Provided data:
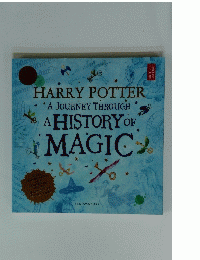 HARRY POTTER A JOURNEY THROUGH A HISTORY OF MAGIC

--

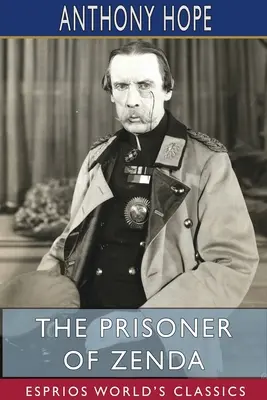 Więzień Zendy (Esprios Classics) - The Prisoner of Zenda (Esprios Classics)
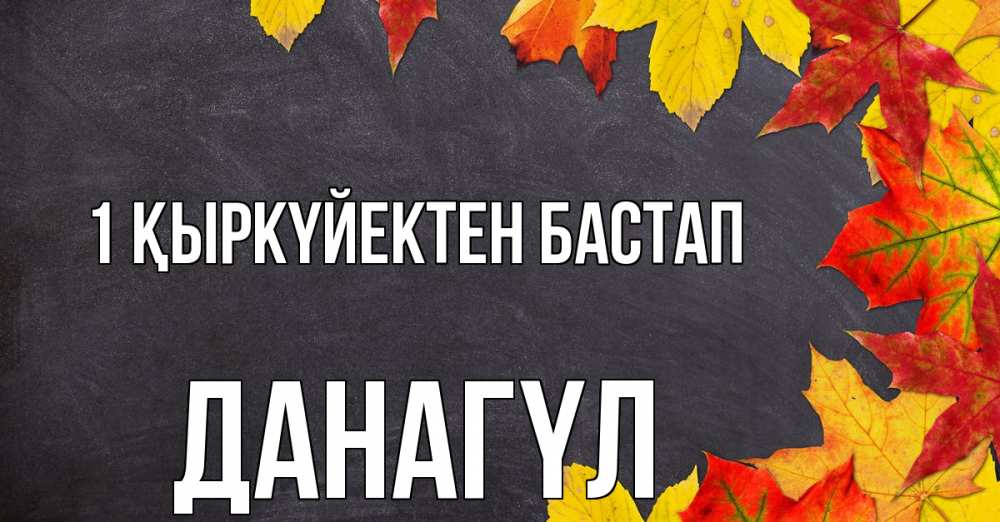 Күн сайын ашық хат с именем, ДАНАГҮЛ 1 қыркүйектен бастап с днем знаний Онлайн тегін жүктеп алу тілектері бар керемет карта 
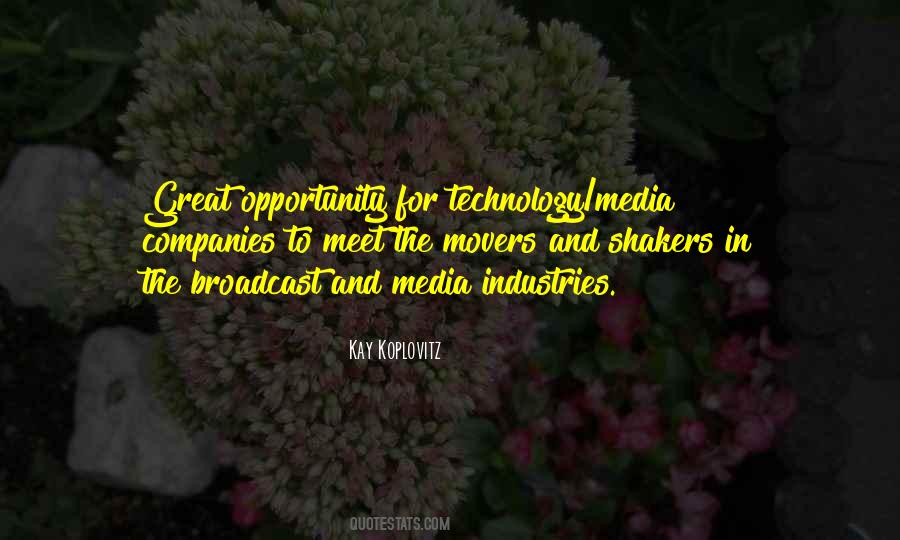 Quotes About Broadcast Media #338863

---

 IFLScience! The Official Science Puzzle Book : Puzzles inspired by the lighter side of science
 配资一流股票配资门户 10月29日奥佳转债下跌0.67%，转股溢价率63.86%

Exercise objective: Pictures excluded, give again exactly and only the lines of the material above from the line with "Więzień Zendy (Esprios" through the line with "Quotes About Broadcast Media #338863".

Expected answer:
 Więzień Zendy (Esprios Classics) - The Prisoner of Zenda (Esprios Classics)
 Күн сайын ашық хат с именем, ДАНАГҮЛ 1 қыркүйектен бастап с днем знаний Онлайн тегін жүктеп алу тілектері бар керемет карта 
 Quotes About Broadcast Media #338863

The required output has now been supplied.